▸ Task item: Would you retype exactly the lines from the one holding "Shorts de mezclilla" through the last line of the listing, and only those, without pictures?

▸ Records for this exercise:
--- START ---
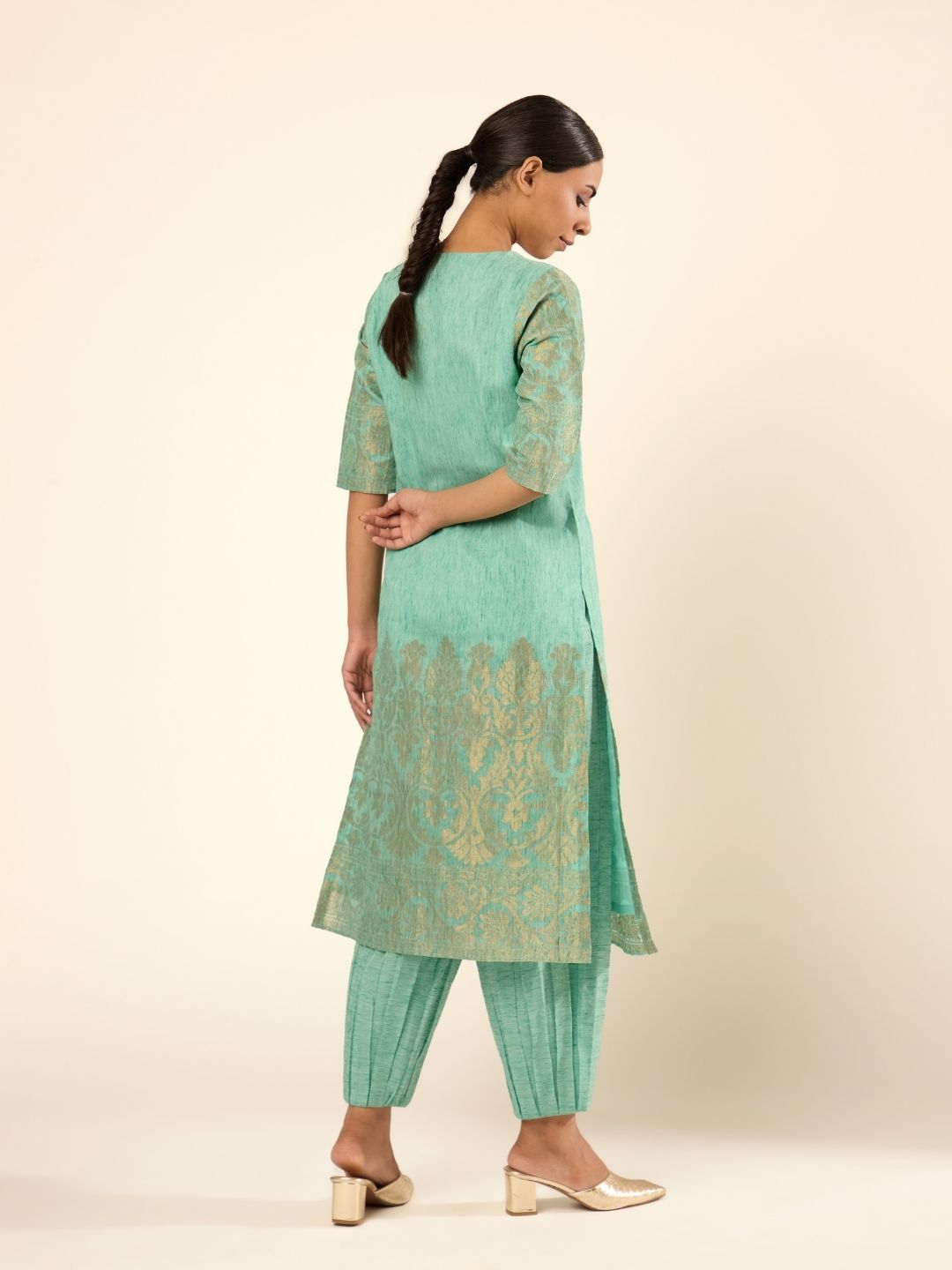 Zari Banswara Border Kurta Set- Mint Green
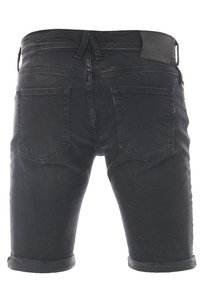 Shorts de mezclilla gris oscuro con puños enrollados, que cuentan con una cinturilla con una etiqueta negra, dos bolsillos traseros y una textura lisa.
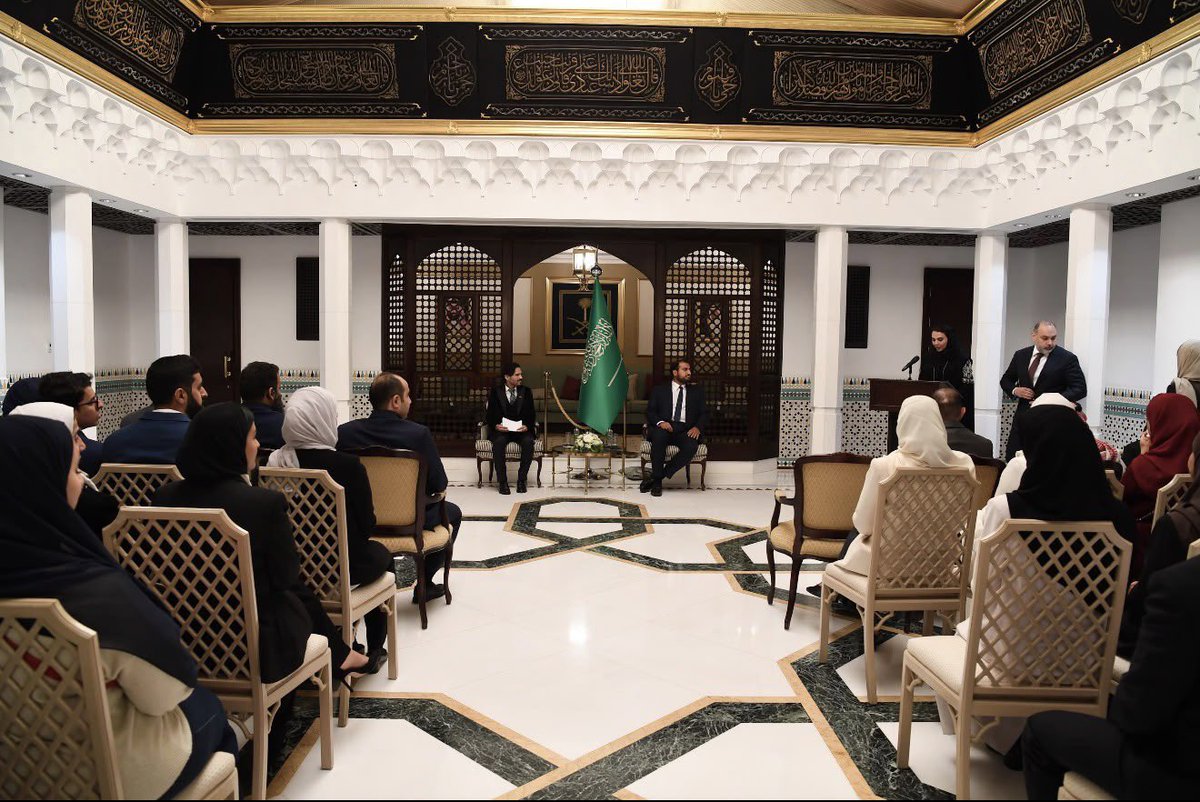 SaudiEmbassyUK's tweet photo. استضاف صاحب السمو الملكي الأمير عبدالله بن خالد بن سلطان بن عبدالعزيز آل سعود، سفير خادم الحرمين الشريفين لدى المملكة المتحدة، عدداً من الطلبة والطالبات السعوديين المبتعثين في مقر السفارة بحضور الملحق الثقافي الدكتورة مشاعل السلامة.

كما كرّم سموه المبتعثين تقديراً لما حققوه من تميز وإنجازات أكاديمية، مؤكداً حرص المملكة على دعم أبنائها وبناتها المبتعثين وتمكينهم من الاستفادة من الفرص التعليمية والمعرفية، ومتمنياً لهم مزيداً من النجاح والتوفيق في مسيرتهم العلمية والعملية.
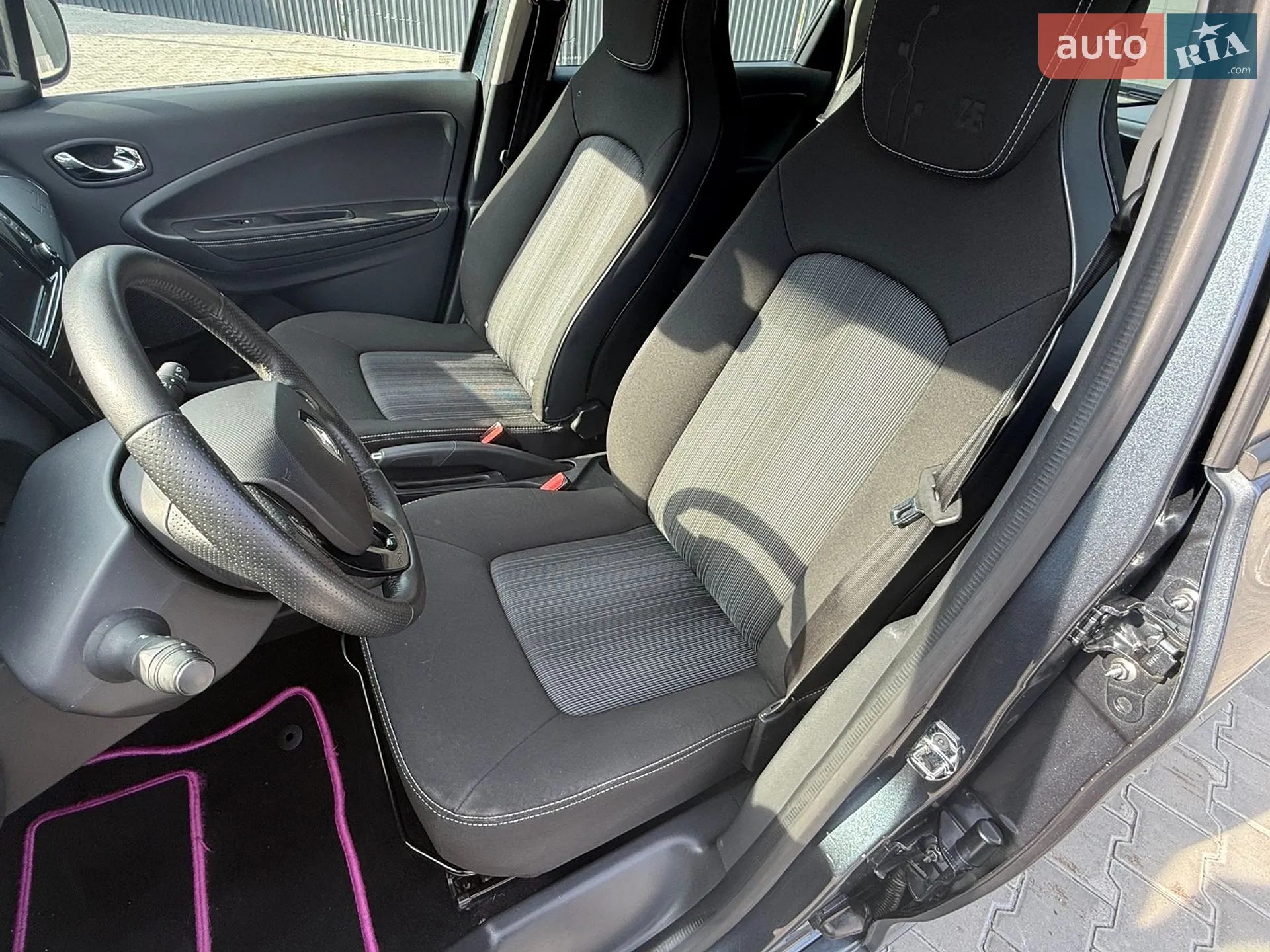 2017 Renault ZOE - мініатюра 30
--- END ---
▸ Response box:
 Shorts de mezclilla gris oscuro con puños enrollados, que cuentan con una cinturilla con una etiqueta negra, dos bolsillos traseros y una textura lisa.
 SaudiEmbassyUK's tweet photo. استضاف صاحب السمو الملكي الأمير عبدالله بن خالد بن سلطان بن عبدالعزيز آل سعود، سفير خادم الحرمين الشريفين لدى المملكة المتحدة، عدداً من الطلبة والطالبات السعوديين المبتعثين في مقر السفارة بحضور الملحق الثقافي الدكتورة مشاعل السلامة.

كما كرّم سموه المبتعثين تقديراً لما حققوه من تميز وإنجازات أكاديمية، مؤكداً حرص المملكة على دعم أبنائها وبناتها المبتعثين وتمكينهم من الاستفادة من الفرص التعليمية والمعرفية، ومتمنياً لهم مزيداً من النجاح والتوفيق في مسيرتهم العلمية والعملية.
 2017 Renault ZOE - мініатюра 30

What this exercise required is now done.